Probably related? It is a question of mine: https://mathoverflow.net/questions/357184/are-étalé-spaces-a-thing-for-probability-spaces
I'm not an expert on the sheaf-theoretic approach to probability theory, but a quick look at the paper you're asking about shows that it's a 6 page conference proceeding from 2017 that defines a new notion and reads like a set of lecture notes. I think it's a bit early to be asking for big applications to probability theory. That said, if you use Google Scholar to search for who cites Alex Simpson's paper, you find two. The first is about constructive measure theory, so should be of interest to logicians and others wanting a firmer foundation for probability theory. The second is a PhD thesis that goes much more in depth than Simpson's paper about the properties of "probability sheaves" and investigates connections to topos theory.

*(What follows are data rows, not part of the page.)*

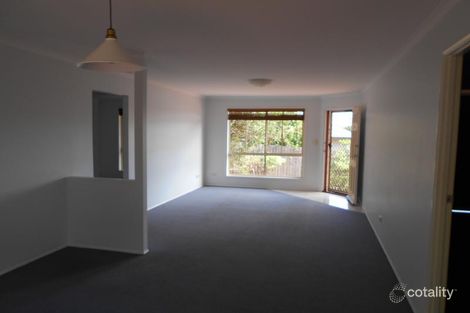Property photo of 1/36 Sizer Street Everton Park QLD 4053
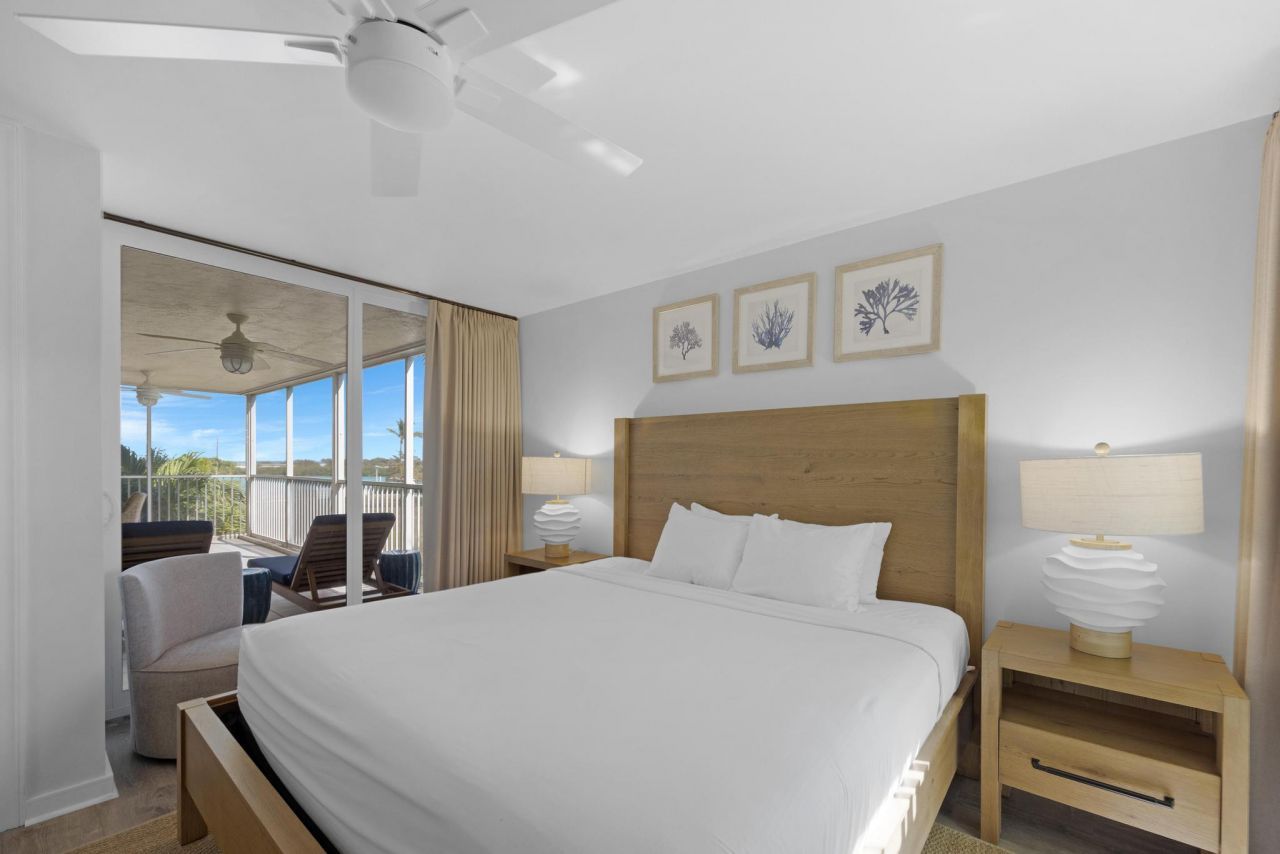 8204 Marina Villas Drive, Duck, FL 33050 Photo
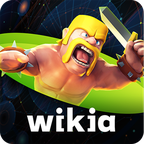 Wikia：部落冲突
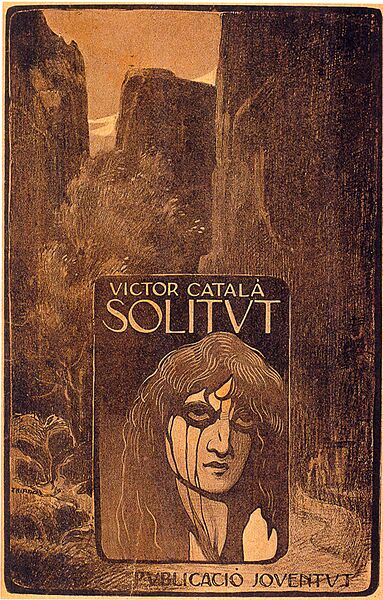 Català Solitud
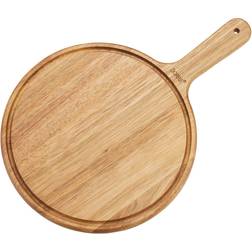 Dorre Ulli Serveringsbakke 25.5cm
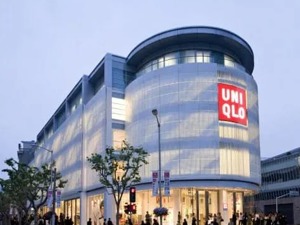 头一回！优衣库中国门店数超过日本，还打算开到3000家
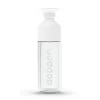 Dopper Insulated Drinkfles 450 Ml Glass -Professionele winkel voor kampeerartikelen 115779 099 01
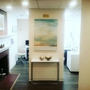 JP Dental Hartford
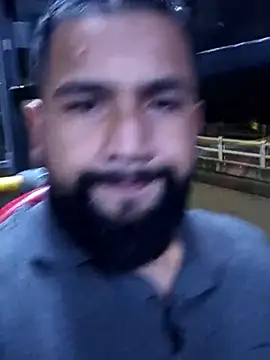 sabor_Latino_bdsm webcam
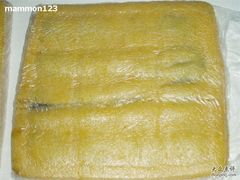 南瓜豆沙&nbsp;15元-一品方糕专卖店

From the abstract: "In this dissertation, we emphasize how sheaves and monads are important tools for thinking about modern statistical computing." The abstract goes on to advertise applications to hypothesis testing and the analysis of data sets with missing data, pretty important topics. Chapter 3 contains lots of history of previous attempts to bring probability theory under the umbrella of category theory, and also includes applications to probabilistic programming (whatever that is). If you're interested in this field, I think you will want to read these references (plus the blog post by Tao that Simpson cites), and you may need to give it time before super compelling applications arrive.
Thanks for the detailed input and refs.
That dissertation looks interesting. A potential application might be that a more categorical approach to probability theory could lead to approaches to statistical computing which are more natural for functional programming, especially with languages like Haskell that are designed with category theory in mind.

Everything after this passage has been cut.